The list loads data with `useQuery` in `fe0/src/components/admin/ApprovedApplicationsList.tsx`.
### Current behavior (as implemented today)
| Option | Value | Effect |
|--------|--------|--------|
| `queryKey` | `["applications", filters]` | Separate cache per filter set; **must** be a stable key—see §11. |
| `refetchInterval` | `10 * 1000` (10 seconds) | **Automatic polling** while mounted. **Target:** visibility-aware + optional jitter (§8, §12). |
| `refetchOnWindowFocus` | `"always"` (today) | Refetch on every focus regardless of staleness—**high load**; **target** is `true` + sensible `staleTime` (§8). |
| `refetchOnReconnect` | `true` | Refetch when the browser regains network after offline. |
| `placeholderData` | `(previous) => previous` | Keeps showing the last page while a refetch runs (less table flicker). **Keep this.** |
So the “every few seconds” pattern you see in DevTools is **intentional polling**, not a runaway bug—but the combination of **10s polling + `"always"` focus** multiplies traffic when admins tab frequently (§8).

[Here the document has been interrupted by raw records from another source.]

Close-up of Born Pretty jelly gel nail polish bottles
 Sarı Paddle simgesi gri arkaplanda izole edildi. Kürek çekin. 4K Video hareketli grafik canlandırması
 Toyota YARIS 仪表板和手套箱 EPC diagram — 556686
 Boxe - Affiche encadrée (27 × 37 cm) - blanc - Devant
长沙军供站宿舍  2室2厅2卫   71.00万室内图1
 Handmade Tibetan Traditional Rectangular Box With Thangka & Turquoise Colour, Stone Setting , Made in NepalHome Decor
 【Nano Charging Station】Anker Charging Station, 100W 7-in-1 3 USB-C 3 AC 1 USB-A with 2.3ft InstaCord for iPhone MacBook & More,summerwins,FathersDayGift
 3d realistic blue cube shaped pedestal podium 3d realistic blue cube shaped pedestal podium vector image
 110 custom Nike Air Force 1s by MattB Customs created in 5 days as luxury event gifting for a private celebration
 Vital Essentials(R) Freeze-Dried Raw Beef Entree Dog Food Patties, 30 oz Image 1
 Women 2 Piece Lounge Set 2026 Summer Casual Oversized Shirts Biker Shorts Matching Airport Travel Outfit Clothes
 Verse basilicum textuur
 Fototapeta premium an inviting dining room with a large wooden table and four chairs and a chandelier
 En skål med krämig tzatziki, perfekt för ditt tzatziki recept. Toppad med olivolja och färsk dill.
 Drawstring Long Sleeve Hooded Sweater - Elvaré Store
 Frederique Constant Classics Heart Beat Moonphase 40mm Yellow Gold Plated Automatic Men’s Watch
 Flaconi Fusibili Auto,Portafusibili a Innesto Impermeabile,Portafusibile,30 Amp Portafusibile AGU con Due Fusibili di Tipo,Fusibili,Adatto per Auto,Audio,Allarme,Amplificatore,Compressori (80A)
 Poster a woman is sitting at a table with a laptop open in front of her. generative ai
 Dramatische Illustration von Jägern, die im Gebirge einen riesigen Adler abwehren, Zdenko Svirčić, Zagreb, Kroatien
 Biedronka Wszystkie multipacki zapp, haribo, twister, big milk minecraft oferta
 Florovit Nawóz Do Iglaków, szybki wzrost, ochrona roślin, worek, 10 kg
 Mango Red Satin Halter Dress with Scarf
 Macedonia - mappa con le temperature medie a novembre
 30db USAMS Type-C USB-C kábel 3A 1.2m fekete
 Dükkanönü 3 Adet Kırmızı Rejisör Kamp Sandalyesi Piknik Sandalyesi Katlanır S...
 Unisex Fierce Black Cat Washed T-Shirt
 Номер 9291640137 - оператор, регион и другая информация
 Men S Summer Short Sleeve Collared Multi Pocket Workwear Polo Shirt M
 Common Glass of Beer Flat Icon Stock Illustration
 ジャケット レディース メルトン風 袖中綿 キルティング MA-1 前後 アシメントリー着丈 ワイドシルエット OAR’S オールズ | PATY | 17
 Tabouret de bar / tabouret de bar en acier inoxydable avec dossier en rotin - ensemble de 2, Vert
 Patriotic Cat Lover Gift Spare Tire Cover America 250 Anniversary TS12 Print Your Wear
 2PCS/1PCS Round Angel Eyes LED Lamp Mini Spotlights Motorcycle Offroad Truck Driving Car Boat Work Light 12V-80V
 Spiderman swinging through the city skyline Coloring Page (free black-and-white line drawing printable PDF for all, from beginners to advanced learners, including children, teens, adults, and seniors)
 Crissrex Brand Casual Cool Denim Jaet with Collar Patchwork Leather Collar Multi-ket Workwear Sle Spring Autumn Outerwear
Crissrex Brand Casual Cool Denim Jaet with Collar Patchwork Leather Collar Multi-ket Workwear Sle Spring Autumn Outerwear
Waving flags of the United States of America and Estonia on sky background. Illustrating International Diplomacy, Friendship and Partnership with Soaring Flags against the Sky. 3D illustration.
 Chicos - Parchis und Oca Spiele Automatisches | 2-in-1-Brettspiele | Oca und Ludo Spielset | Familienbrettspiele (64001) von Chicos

### Same component, other lifecycles
`ApprovedApplicationsList` is also reused for the **decided** list (`lifecycle="decided"`) from `DecidedApplicationsPanel`. The **same** `refetchInterval: 10s` applies there as well—polling is tied to the component, not only the inbox title.
## 3. Council dashboard: different refresh strategy (target: unify)
**Editors** (`hasRole("editor")`) get `CouncilApprovedApplicationsList` (`fe0/src/components/council/ApprovedApplicationsList.tsx`).
That files `applicationsQuery` **does not set `refetchInterval`** today. Updates are driven more by:
- Normal Query behavior (mount, default focus rules, etc.).
- **`reportSyncQuery`**: when its `dataUpdatedAt` changes, an effect runs `queryClient.invalidateQueries({ queryKey: ["applications"] })`, which pulls a fresh `/api/applications` without a fixed timer.
**Problem:** admin (time-based polling) and council (event-driven invalidation) are two mental models for similar surfaces, in different files—cognitive load, bug asymmetry, and drift (fixes in one place may not land in the other).
**Target architecture (single strategy everywhere):**
1. **Primary:** invalidation on mutations (`approve`, `reject`, `submit`, `assign`, etc.) plus invalidation on lightweight **report sync** / version signals where applicable.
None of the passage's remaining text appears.